Have a great rest of your summer, everyone!

Sing everyday: This is I did, minus maybe ten days. It was one or two songs a day, usually. This was enough to keep up my singing voice, but not enough to improve it, as I had hoped.

Dance everyday: This I did as well, minus a few sick days. I put the number of minutes I danced on my daily graphing-my-life/training chart, which shows that I danced an average of 54.41 minutes a day. My dancing really improved. I went to two Balboa camps, two Lindy Hop camps (“camps” are weekend-long dance marathons with classes all day and dances all night), one Lindy exchange (like a camp without the classes), took tap dancing classes all year, took a series class for Soul Motion, taught by Grace Llewellyn, and worked for hours at home on Balboa, Charleston, Melbourne Shuffle, clown walk, and just boogying.

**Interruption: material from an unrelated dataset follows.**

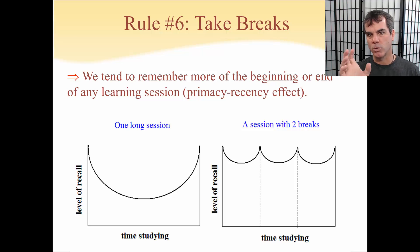One of the best things you can do as a student is don't study for extended periods of time without taking a break. I like to recommend 25 minutes on, 5 minutes off, 25 minutes on, 10 or 15 minutes off, and then repeat that cycle. What you're doing is giving yourself more beginnings and more endings and more opportunities to remember more of the information.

Meditate every day: I think I might have missed once or twice. I kept track but lost my excitement for number crunching after analyzing my dance time. It looks like I averaged between 15 and 20 minutes. Meditation is not nearly as enjoyable as dancing for me but I’m glad to have sat every day. The benefits seem to come from regular practice.

Make a fourth Abandon Ship record: This I did not do. Abandon Ship is the band I have with two of my brothers, Damian and Gabriel. I did write arrangements for a couple of Damian’s new (and really good) songs and I wrote a bridge for another. I also spent a couple weeks in Joshua Tree this summer, writing and recording three more songs with him. It’s an ongoing project.

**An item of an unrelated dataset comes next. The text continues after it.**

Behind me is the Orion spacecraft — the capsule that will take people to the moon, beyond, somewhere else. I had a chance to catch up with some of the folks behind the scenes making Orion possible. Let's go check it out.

Continue to master being kind to myself: This is a project I started two years ago, with the help of my friend, Taber. It’s definitely worth a blog entry of its own, but simply put, I realized that there was a way that I am habitually not on my own side, and I began to practice continually realigning myself toward compassion and kindness for myself. It’s a major shift in my tectonic plates, as Taber says. This project is going really well.

Walk slowly: This has been great. This has been my favorite. I noticed that I walk as if I’m in a hurry, even if there’s no reason to hurry. I’d like to think I was emulating my fast-walking Grandpa Bob, but I think I just kept myself so busy for so long that I forgot about strolling. Walking slowly is wonderful. I love it.

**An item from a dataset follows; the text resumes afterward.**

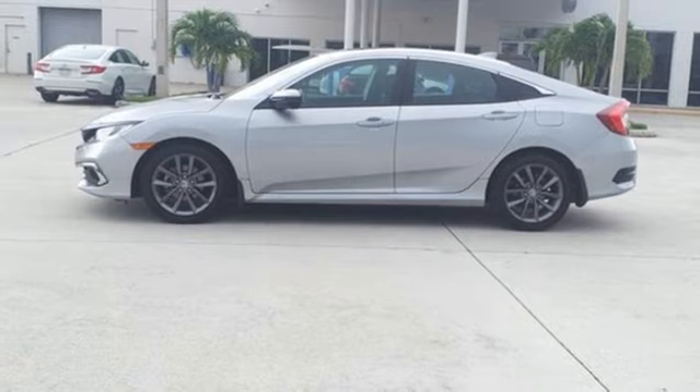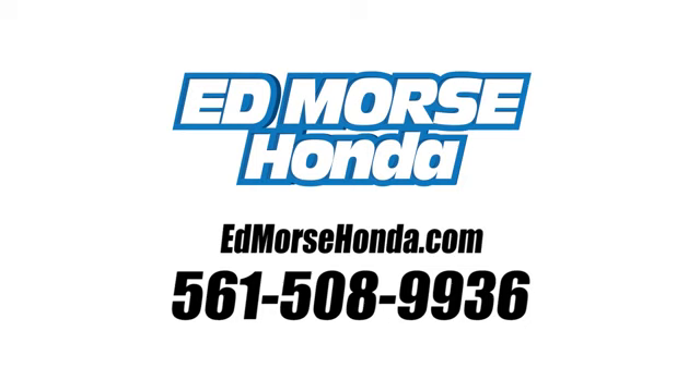See it for yourself when you take it for a test drive. Call us today at 561-508-9936. For value and for service, it's Edmars.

Have a flexible back and hips: I did downward dog and plow poses plus a few other physical therapy exercises most nights between my birthday and the end of June. I improved my back and hip flexibility noticeably, though not as much as I’d hoped. I also stopped wearing a backpack after more than 15 years of schlepping, which I think helped. I started getting comments from friends that my posture had improved. Then I traveled all summer, basically camping in somewhat hectic circumstances: helping friends move and working at Not Back to School Camp, mostly. Traveling makes a nice, relaxing evening stretching routine a challenge. Anyway, I still have some of the flexibility I gained but I can’t say that I have a flexible back or hips right now. I’m not even sure that I could have said that in June, actually.

Overall I think I did well this year, both in setting good goals and in following through. I like the simplicity of the list. It’s got a nice compact aesthetic. I’m both inspired and daunted by my list for this coming year but it’s not as nice to look at.